** Data to examine follows **
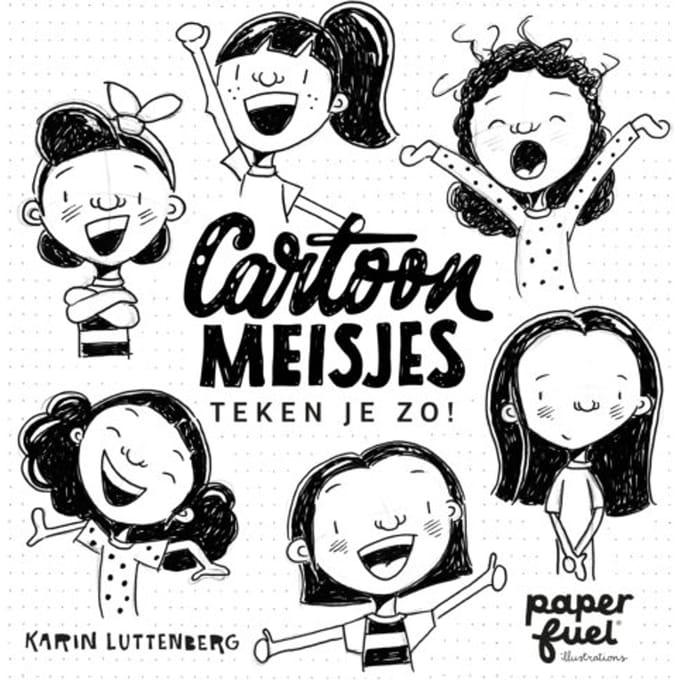 Cartoonmeisjes Teken Je Zo! - Karin Luttenberg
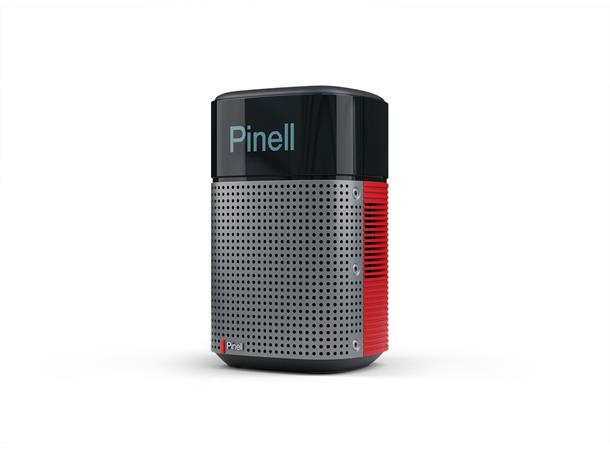 Pinell North - Sunset Red Dab-radio med Bluetooth og Wi-Fi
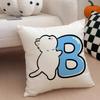 Süßer Custom Art Katze Personalisierter Kissenbezug Überwurf Kissenbezug Verdeckter Knopf Strapazierfähiges Polyester Stuhlkissen
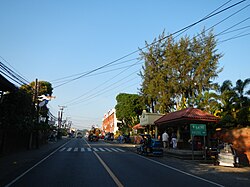 Approaching the Bauang town center along the National Highway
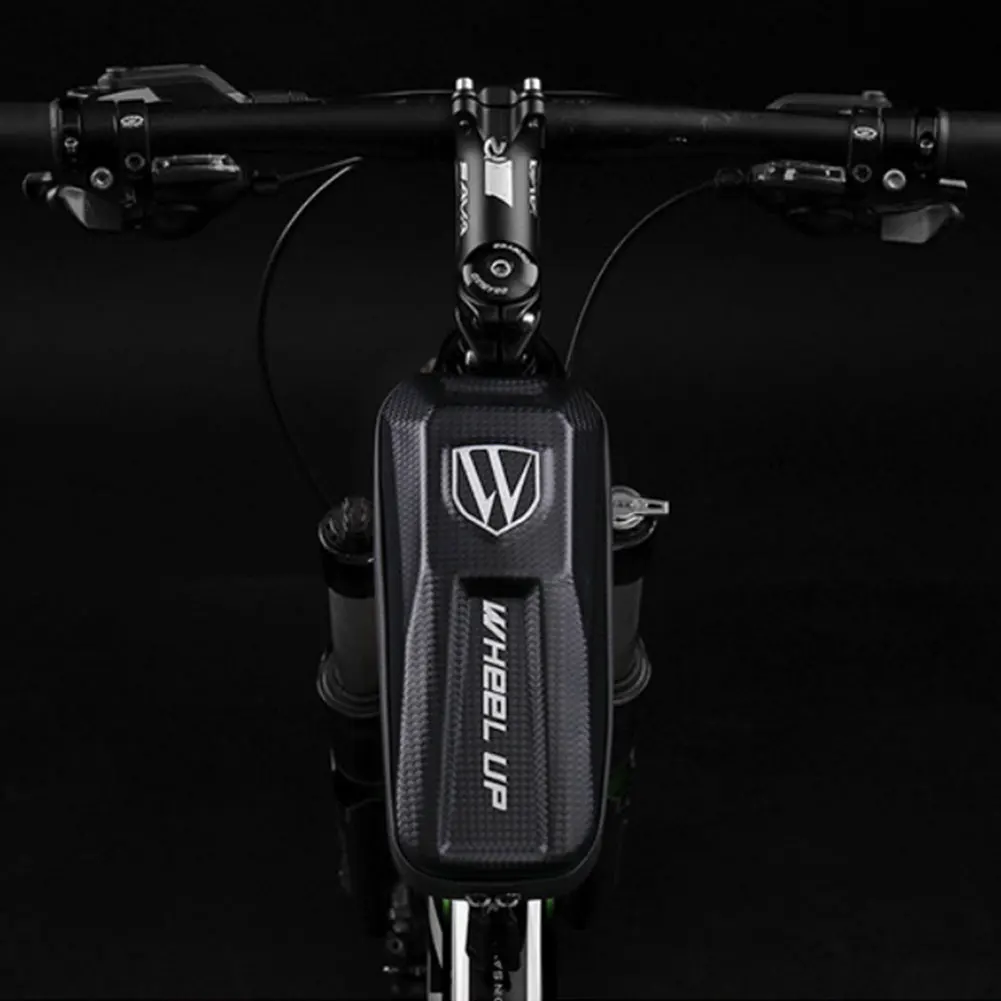 Bicycle Bag Front Tube Pannier Cell Phone Frame Waterproof Accessories Outdoor Zipper EVA Package Storage Riding Pouch Saddle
** End of Data to examine **
▶ [Exercise description] Write out each record exactly as shown, but not its pictures.

▶ [Completed exercise]
 Cartoonmeisjes Teken Je Zo! - Karin Luttenberg
 Pinell North - Sunset Red Dab-radio med Bluetooth og Wi-Fi
 Süßer Custom Art Katze Personalisierter Kissenbezug Überwurf Kissenbezug Verdeckter Knopf Strapazierfähiges Polyester Stuhlkissen
 Approaching the Bauang town center along the National Highway
 Bicycle Bag Front Tube Pannier Cell Phone Frame Waterproof Accessories Outdoor Zipper EVA Package Storage Riding Pouch Saddle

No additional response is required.